**Problem description**
A word-for-word copy of the data, with no images, is the required answer.

------ Information provided ------

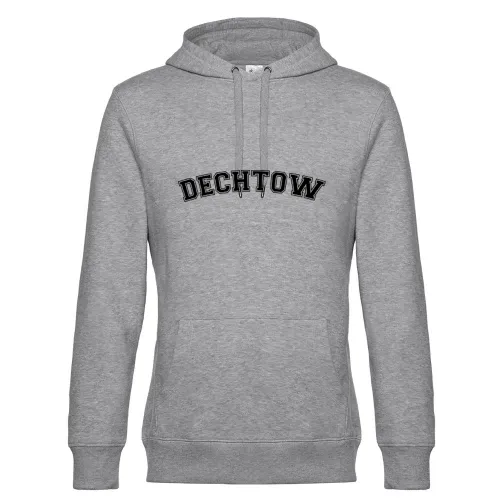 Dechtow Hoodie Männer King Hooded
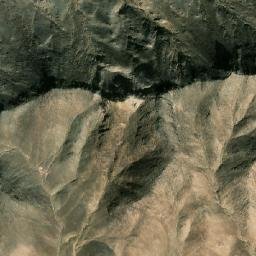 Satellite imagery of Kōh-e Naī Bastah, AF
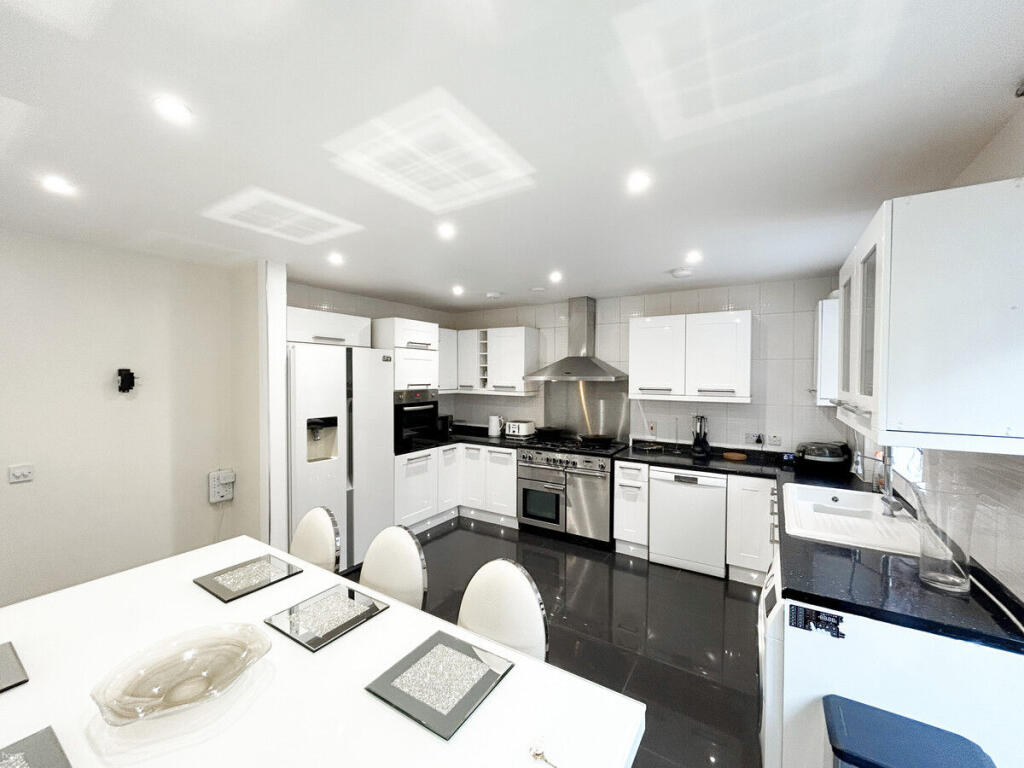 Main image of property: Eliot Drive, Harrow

------

**Exercise answer**
 Dechtow Hoodie Männer King Hooded
 Satellite imagery of Kōh-e Naī Bastah, AF
 Main image of property: Eliot Drive, Harrow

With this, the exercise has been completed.